Bien que sis à Budapest, ce câble, qu'il soit électrique ou téléphonique, n'est pas nouveau puisque nous l'avons déjà rencontré au pays basque, qui comme son nom l'indique est un pays.
Rappelons les faits. Vous pourriez penser que le filin d'acier supportant le réverbère qui, la nuit, éclaire de sa position centrale la chaussée hongroise, traverse de part en part la photo. Malheureux qui possédez des yeux pour ne pas voir ! Le câble qui traverse le bleu du ciel vient s'arrêter sur la paroi, là où une tâche noire placée à gauche et un semblant de papillon linéaire situé à droite indique sa fixation au mur. Au-delà de ce point là, vous n'avez plus que l'ombre portée du filin, qui, prise sous cette angle de vue bien précis, semble poursuivre le trajet de l'objet réel.
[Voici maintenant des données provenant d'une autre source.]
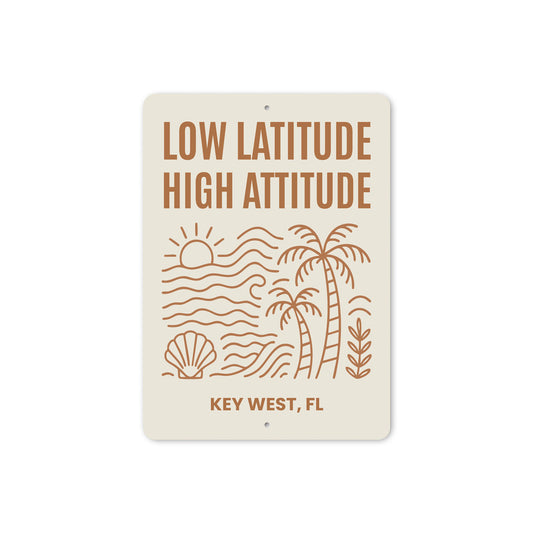 Low Latitude, High Attitude Beach Vibes Coastal Sign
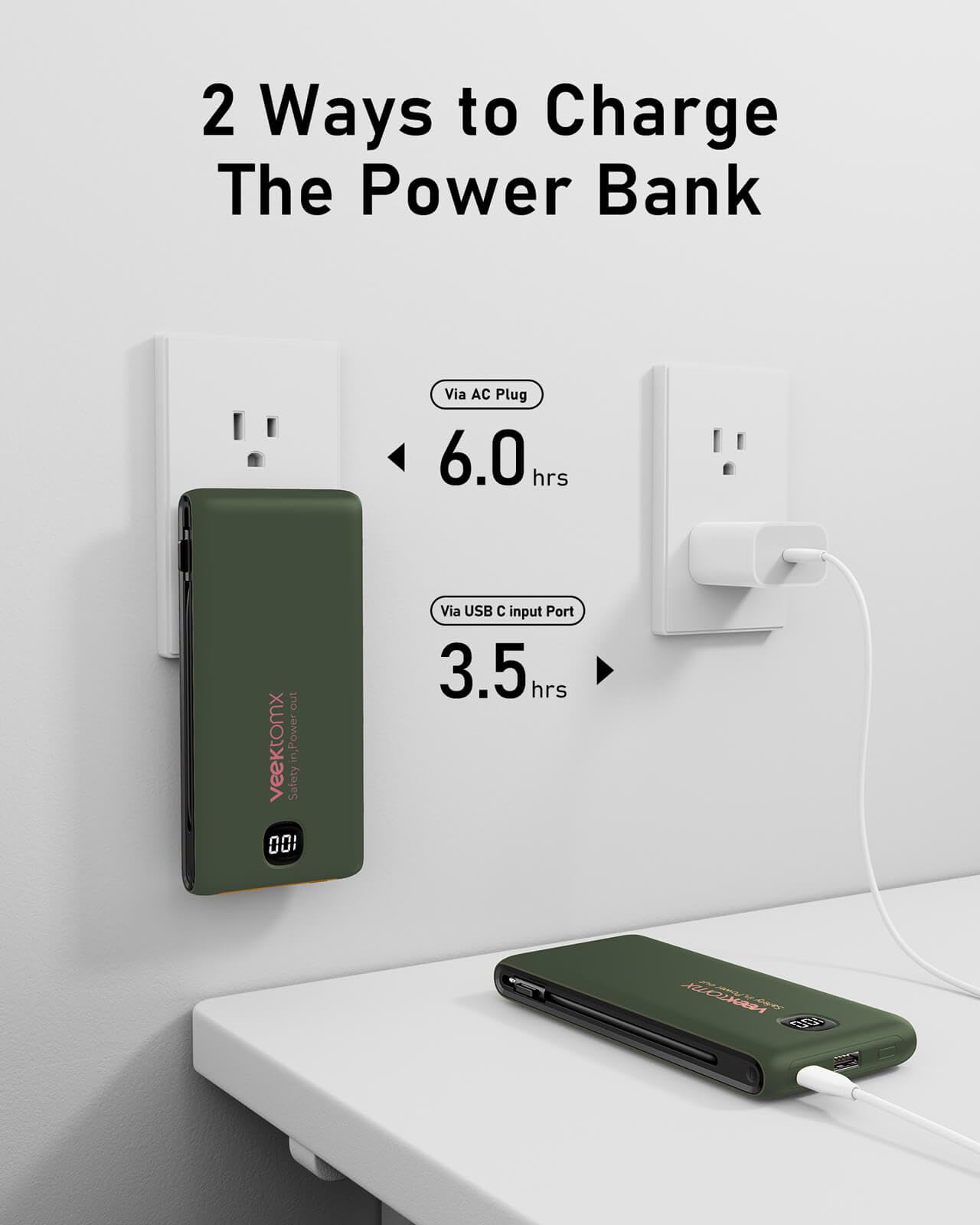 VEEKTOMX 10000mAh Portable Charger with Built-in Cables & Wall Plug view 4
Nous avons donc ici un alignement équivoque continu (les deux tracés graphiques à la surface de la photo étant ininterrompus). Et comme vous le savez depuis que je n'arrête pas de le répéter pour les bavards qui, étalés sur leur table en fond de classe, poursuivent leur conversation footballistique habituelle, l'alignement peut tout autant aplatir qu'approfondir (lorsqu'il s'agit comme ici des ombres portées) la profondeur de l'espace représenté. C'est ainsi que vous avez pu imaginer un filin d'acier, qui, partant du ciel et poursuivant un trajet rectiligne, serait allé se ficher dans le hors-champ inférieur de l'image. Ce qui n'est pas le cas, sujets voyants qui êtes l'objet passif et asservi des illusions visuelles.

 

ADDENDUM
Ceux qui écoutent, au lieu de bavarder au fond de la classe, auront compris que nous avons ici un deuxième type d'alignement. Un alignement de parallèles vient en effet renforcer l'alignement soi-disant continu du soi-disant câble. Parce qu'elle suit un trajet réellement rectiligne, la gouttière située à gauche de l'image tend à vous laisser penser qu'il en est de même pour le tracé graphique situé à droite. En cela, votre cerveau a des excuses, qui doit lutter contre deux alignements unissant leurs efforts pour abuser de votre sagacité visuelle et, osons le mot, intellectuelle.